** Exercise **
What the answer must hold is the line containing "Kirche Holtorf Backsteinkirche" and all lines after it through the end of the listing, copied exactly, with pictures left out.

** Information provided **

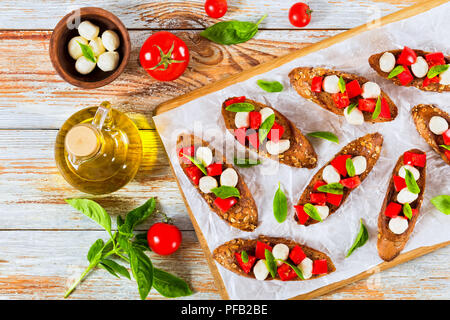 Bruschetta mit Tomaten, Mozzarella und Basilikum auf Olivenöl Baguette mit Samen, auf Schneidebrett auf Pergamentpapier serviert gebraten, Bo Stockfoto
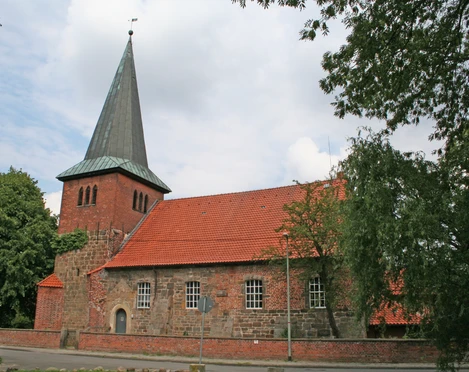 Kirche Holtorf Backsteinkirche mit markantem Spitzdach, umgeben von Bäumen, vor bewölktem Himmel in Holtorf.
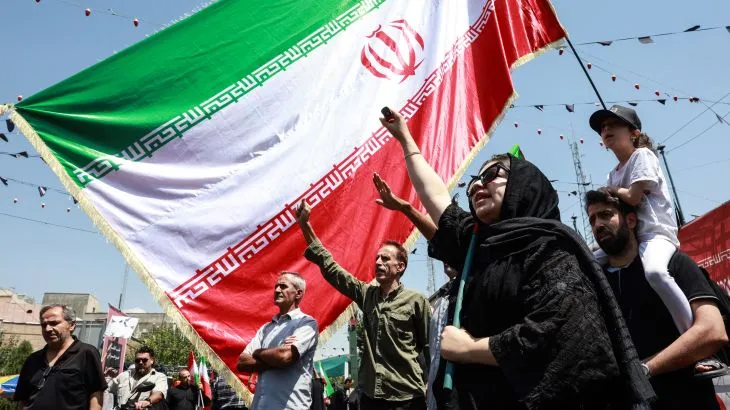 مواطنون إيرانيون يرفعون علم إيران خلال تجمع يعبر عن دعمهم لمواقف بلادهم في ملف مضيق هرمز وسط توترات إقليمية ومفاوضات مع عُمان.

** Exercise solution **
 Kirche Holtorf Backsteinkirche mit markantem Spitzdach, umgeben von Bäumen, vor bewölktem Himmel in Holtorf.
 مواطنون إيرانيون يرفعون علم إيران خلال تجمع يعبر عن دعمهم لمواقف بلادهم في ملف مضيق هرمز وسط توترات إقليمية ومفاوضات مع عُمان.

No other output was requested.